Plus, I got rid of one `replace()` because I no longer needed to remove the XML header.

It's a short post, but I hope it's insightful for you all 🤗 I'm sure I'll keep using this example in the Playground to modify my WordPress posts in the future.

Let me know if you've faced similar issues with WordPress before!

---

## FAQs

### Why does WordPress break my XML code snippets?

WordPress mistakes the XML tags for HTML code, so instead of showing a regular XML snippet the article strips the tags out and leaves only the bare values, as shown in the Maven snippet example in the post.

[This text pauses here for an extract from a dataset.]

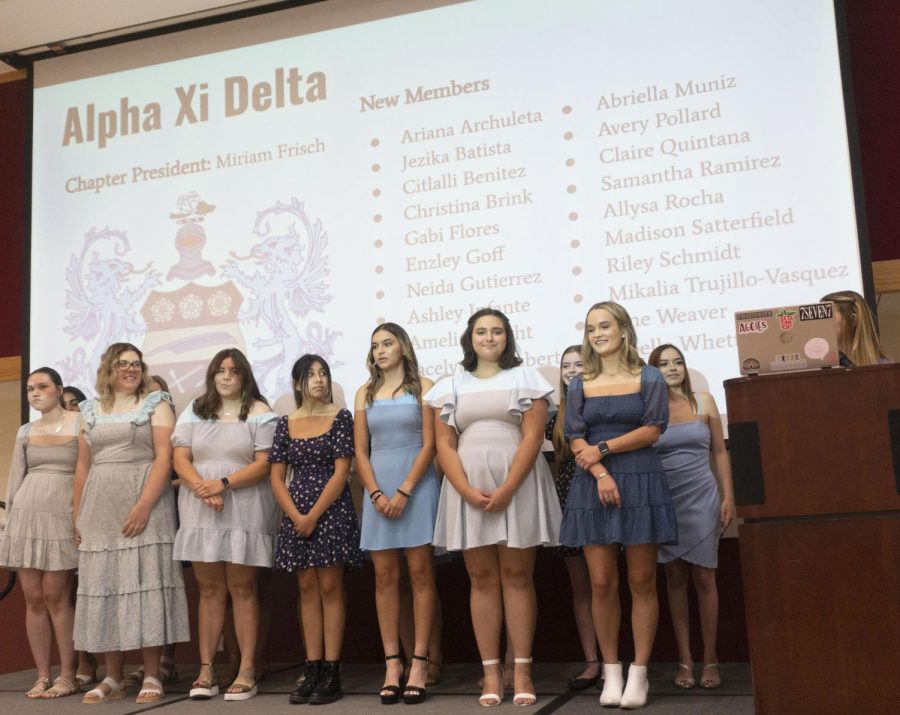 Alpha Xi Delta presenting their New Member Class of 2022.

### How do I fix XML tags being stripped in a WordPress post?

Instead of pasting the regular `<` and `>` characters in the code snippet, replace them with `&lt;` and `&gt;` respectively, so for example `<plugin>` becomes `&lt;plugin&gt;`.

### How do I clean an XML snippet with DataWeave?

The first approach takes an XML input, uses `write(payload,"application/xml")` to turn it into a String, then chains `replace` to strip the `<?xml version='1.0' encoding='UTF-8'?>` header and swap `<` for `&lt;` and `>` for `&gt;`.

### What's the difference between the two DataWeave approaches in this post?

The first approach uses an XML input format and the `write()` function, while the second uses a plain text input so both XML and HTML snippets work, drops the `write()` call, and removes one `replace` since the XML header no longer needs to be stripped.

### Where can I find these DataWeave scripts?

They live in the author's dataweave-scripts GitHub repo at https://github.com/alexandramartinez/dataweave-scripts, and each approach has an Open in the Playground link in the post.